Let $x, y \in \R$ be real numbers.

Let $\exp x$ be the exponential of $x$.


Then:

$\map \exp {x + y} = \paren {\exp x} \paren {\exp y}$


Proof

Lemma

Let $x, y \in \R$.

Let $n \in \N_{> 0}$ such that $n > -\paren {x + y}$.


Then:

$1 + \dfrac {x + y} n + \dfrac {x y} {n^2} = \paren {1 + \dfrac {x + y} n} \paren {1 + \dfrac {\paren {\frac {x y} {n + x + y} } } n}$

$\Box$


This proof assumes the definition of $\exp$ as defined by a limit of a sequence:

$\exp x = \displaystyle \lim_{n \mathop \to +\infty} \paren {1 + \frac x n}^n$


From Powers of Group Elements we can presuppose the Exponent Combination Laws for natural number indices.
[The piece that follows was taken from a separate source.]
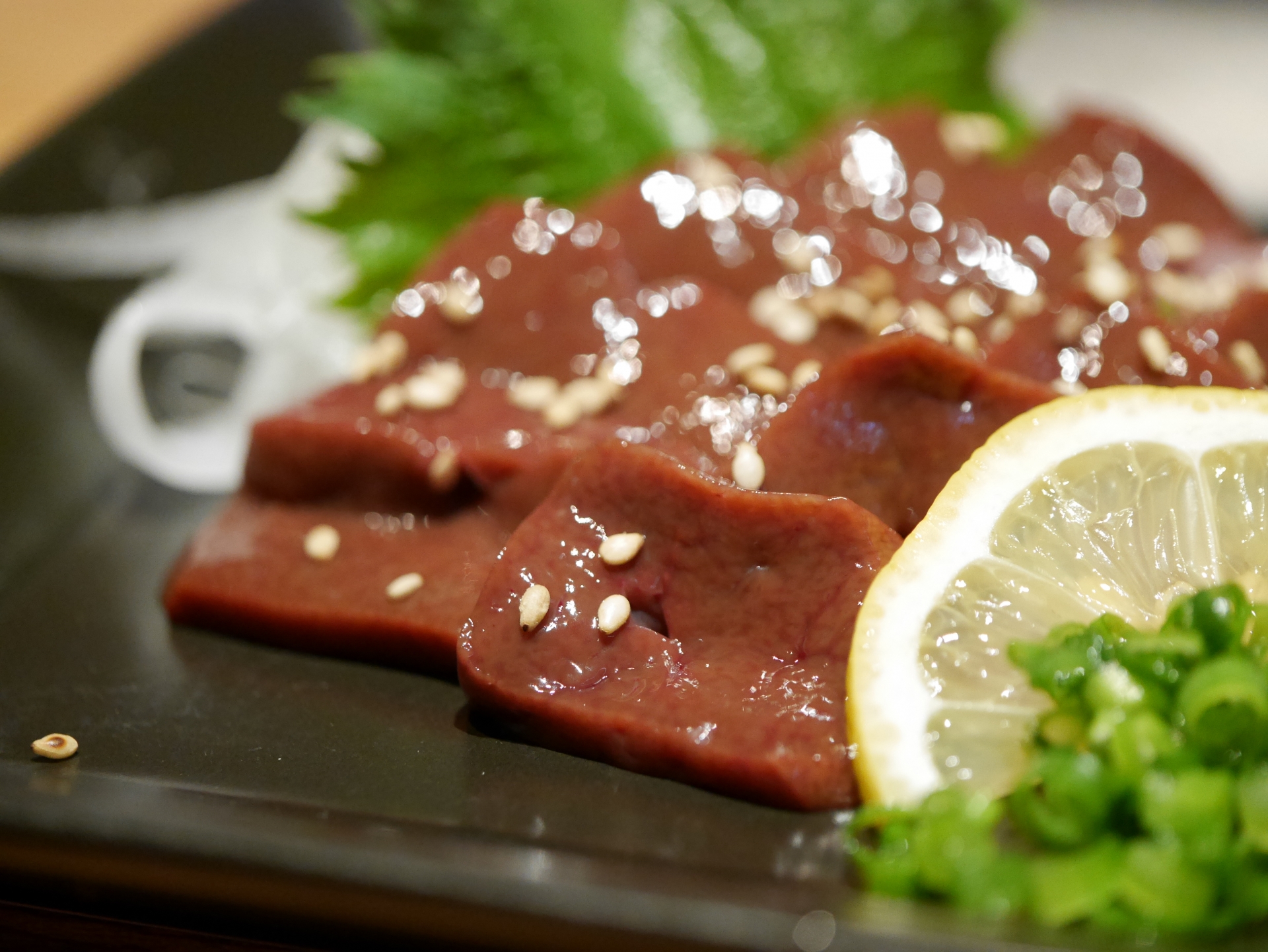 レバ刺しで当たる確率は何％か。食中毒の潜伏期間と緊急対処法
First we introduce a lemma:


By definition:

\(\displaystyle \paren {\exp x} \paren {\exp y}\) \(=\) \(\displaystyle \lim_{n \mathop \to +\infty} \paren {1 + \frac x n}^n \lim_{n \mathop \to +\infty} \paren {1 + \frac y n}^n\)
\(\displaystyle \) \(=\) \(\displaystyle \lim_{n \mathop \to +\infty} \paren {\paren {1 + \frac x n} \paren {1 + \frac y n} }^n\) Combination Theorem for Sequences
\(\displaystyle \) \(=\) \(\displaystyle \lim_{n \mathop \to +\infty} \paren {1 + \frac {x + y} n + \frac {x y} {n^2} }^n\)
\(\displaystyle \) \(=\) \(\displaystyle \lim_{n \mathop \to +\infty} \paren {\paren {1 + \frac {x + y} n} \paren {1 + \frac {\paren {\frac {x y} {n + x + y} } } n} }^n\) Lemma: Without loss of generality let $n > - x - y$: therefore $n + x + y > 0$
\(\displaystyle \) \(=\) \(\displaystyle \lim_{n \mathop \to +\infty} \paren {1 + \frac {x + y} n}^n \lim_{n \mathop \to +\infty} \paren {1 + \frac {\paren {\frac {x y} {n + x + y} } } n}^n\) Combination Theorem for Sequences
\(\displaystyle \) \(=\) \(\displaystyle \lim_{n \mathop \to +\infty} \paren {1 + \frac {x + y} n}^n\) Null Sequence in Exponential Sequence
\(\displaystyle \) \(=\) \(\displaystyle \map \exp {x + y}\)

$\blacksquare$